Posted Apr 02, 2007 06:02 am CDT
Intrigued with the business model, the Billerica, Mass., lawyer learned that his wife’s typical customer was a young mother who appreciated the convenience of after hours shopping in someone’s home. A few more questions revealed another important commonality: Not a single woman had invested in estate planning for her family. The women had plenty of reasons why. Many didn’t know any lawyers. If they did, they didn’t want the hassle of hiring a baby sitter or taking off time from work to go to a lawyer’s office. And then there was just that inherent layman’s unease with the idea of even meeting with a lawyer.
That’s when everything started to click.
Haroutunian decided to follow the business model that had made his wife’s business so successful–you know, the one that dates back to the classic Tupperware party. Earlier this year, he launched a promotion called “Have Kids, Will Party.” But guests leave this party with a set of properly executed and witnessed estate planning documents. Like every other home based sales party, Haroutunian’s model relies on one client’s ability to recruit others. The client cum party host assembles a group of other young parents in need of basic estate planning services.
Once a group has committed to the party, Haroutunian sends each family a questionnaire to complete to help him draft their estate planning documents. He also follows up with each couple in a series of telephone conferences before sending review drafts in advance of the will signing party.
When the party date rolls around, Haroutunian mingles with his guests for a short time and then makes a brief presentation on estate planning before retreating into a private room–usually the kitchen–to meet with each couple separately. There he can review their documents, answer questions and–most important–get the paperwork signed and witnessed.
Haroutunian’s work usually is done in about 90 minutes, leaving his guests the rest of their evening to party on, knowing they’ve done something good for themselves and their families.
The formula is not for everyone, though. Haroutunian says that it works best for young families who do not have sophisticated estate planning needs. His party package includes a basic will and a health care proxy and durable power of attorney for each spouse. The preliminary questionnaire and phone calls allow him to cull out clients whose needs don’t fit the party format.
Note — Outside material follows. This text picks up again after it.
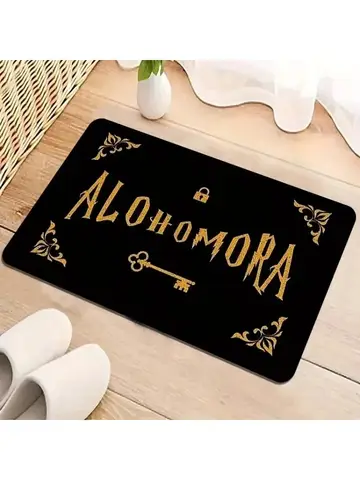 Alohomora Magic Key Welcome Mat Non-Slip Flannel Machine Washable Versatile for Living Room Bedroom Bathroom Home Decor Rug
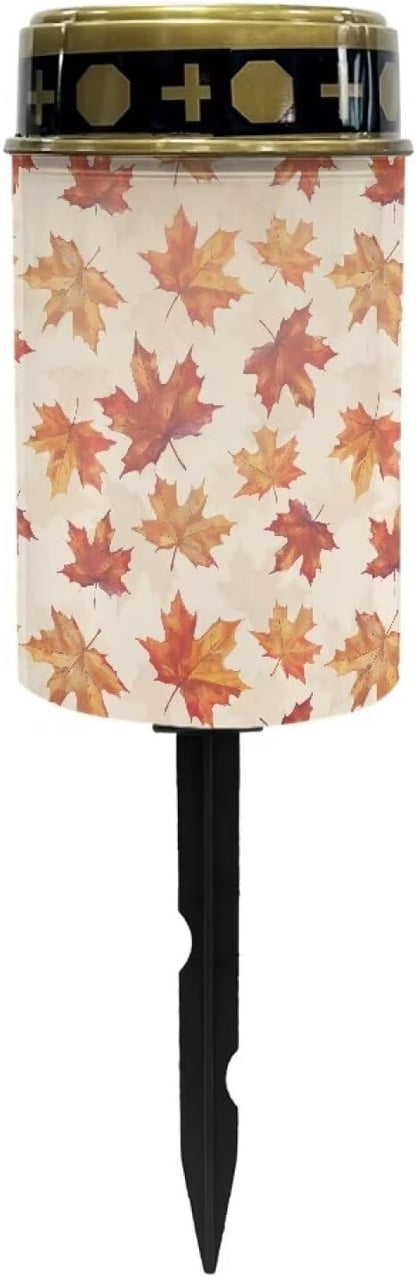 Thanksgiving Maple Leaves Solar Garden Lights Outdoor Waterproof Cemetery Solar LED Lights Flameless Backyard Lights for Kitchen Bedroom Bathroom Outside Decor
With three of these parties under his belt, Haroutunian has been tinkering with the formula a bit.
He originally planned to waive his $395 package fee for the host couple, but he learned that could get him in trouble with the bar. Instead, he’s offering a sliding fee schedule based on the number of partygoing clients.
For every couple at the party, Haroutunian discounts his $500 fee by $25. “So there is motivation to have a bigger party,” says Haroutunian, a solo practitioner.
Haroutunian has been relying on good old fashioned grassroots marketing to get his will signing business rolling. Word has slowly leaked out around the Boston area with a little bit of marketing to local parent groups. He has another five will signing parties booked. But Haroutunian thinks his take on the Tupperware party could be just as big. He’s contemplating creating a franchise for the will signing party, and he thinks there will be no shortage of takers. In fact, just the other day, he says, an Ohio attorney who got wind of the idea called him to learn more.
Haroutunian, ever the perfect host, was only too happy to share.